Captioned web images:
—————

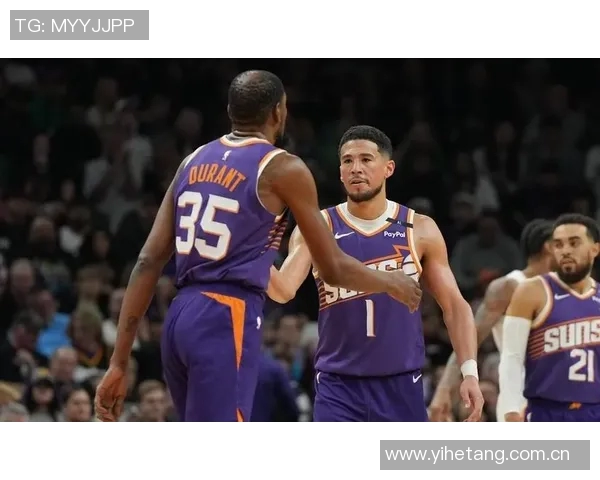 昔日恩怨再现！布克与老队友狭路相逢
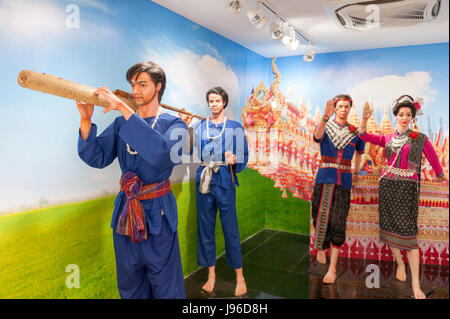 Les figures de personnes transportant des fusées de bambou au cours de Boon (bambou Bang Fai rocket) Festival, Yasothon, Thaïlande Banque D'Images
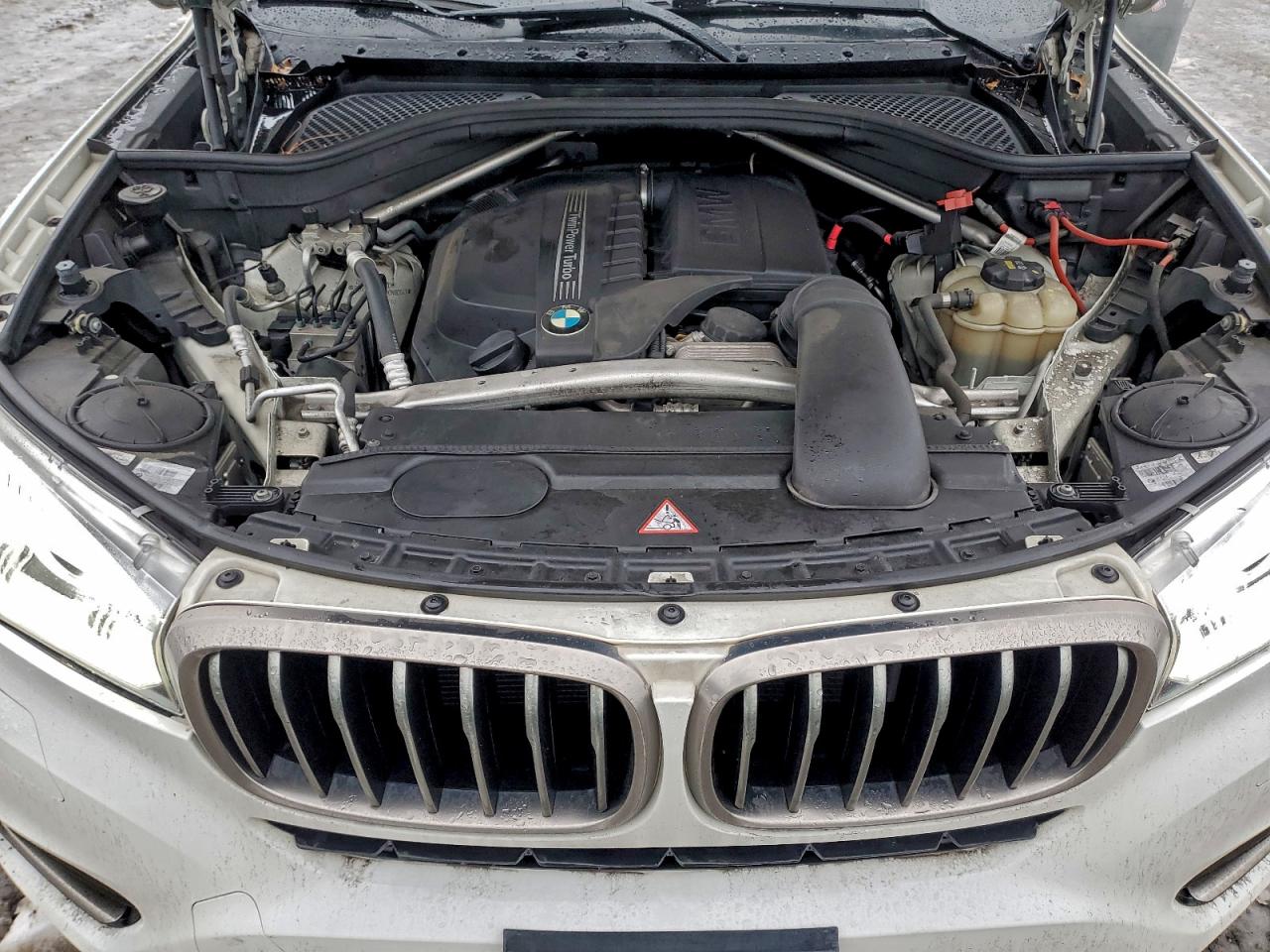 2016 BMW X6 XDRIVE35I photo 12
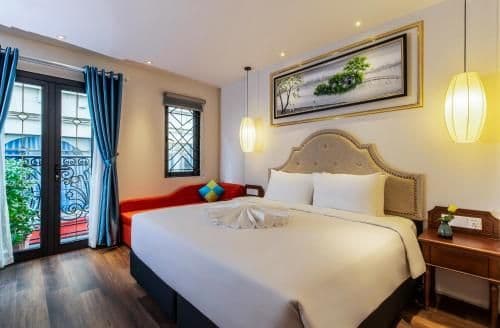 Junior Suite with Balcony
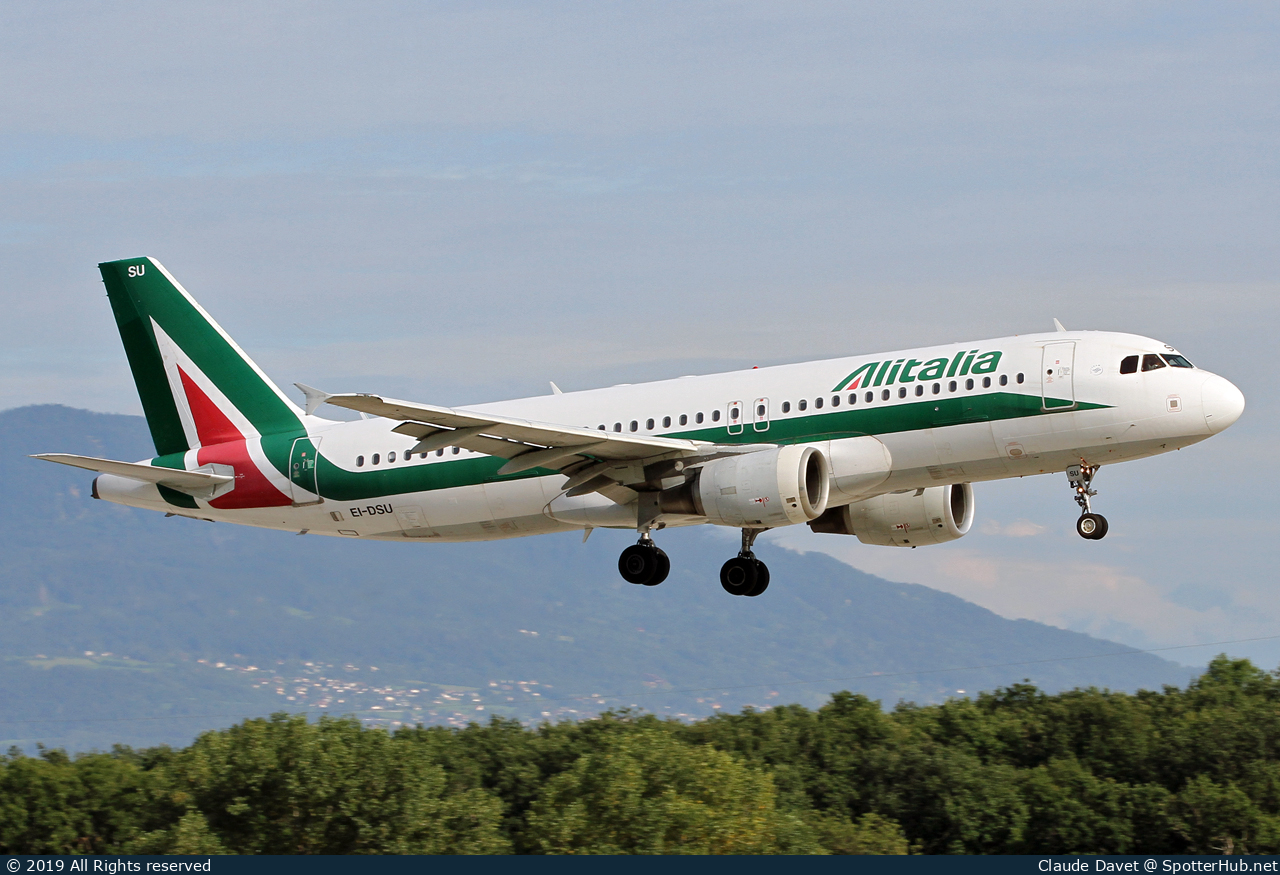 Photo of EI-DSU - Airbus A320-216 operated by Alitalia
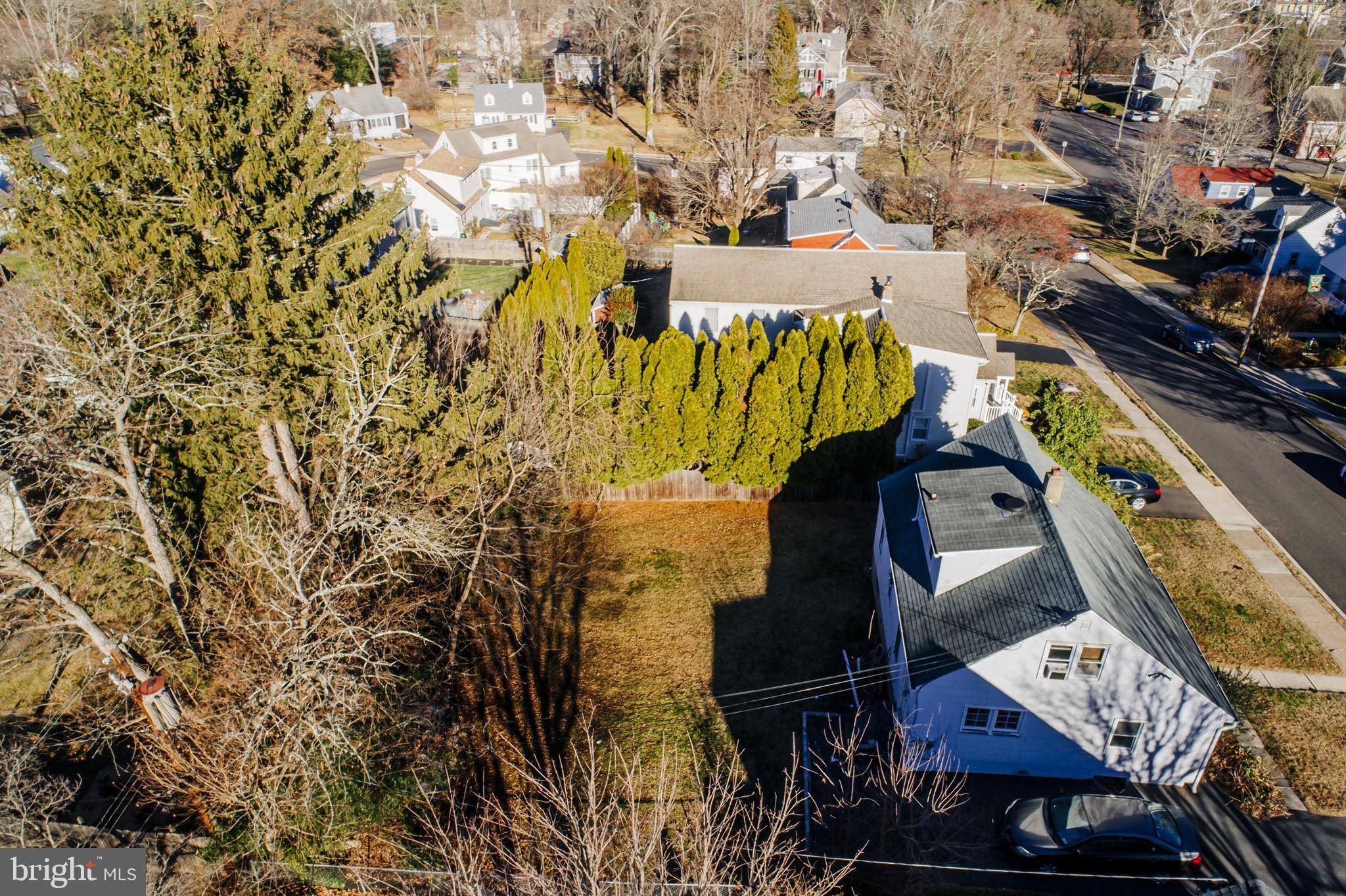 YARDLEY TERR - Residential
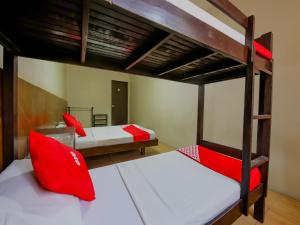Un pat sau paturi într-o cameră la Super OYO 841 Metro Deluxe Residences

—————

PROBLEM
Without the pictures, write out every entry precisely as it appears.

RESULT FOR THIS EXERCISE
 昔日恩怨再现！布克与老队友狭路相逢
 Les figures de personnes transportant des fusées de bambou au cours de Boon (bambou Bang Fai rocket) Festival, Yasothon, Thaïlande Banque D'Images
 2016 BMW X6 XDRIVE35I photo 12
 Junior Suite with Balcony
 Photo of EI-DSU - Airbus A320-216 operated by Alitalia
 YARDLEY TERR - Residential
Un pat sau paturi într-o cameră la Super OYO 841 Metro Deluxe Residences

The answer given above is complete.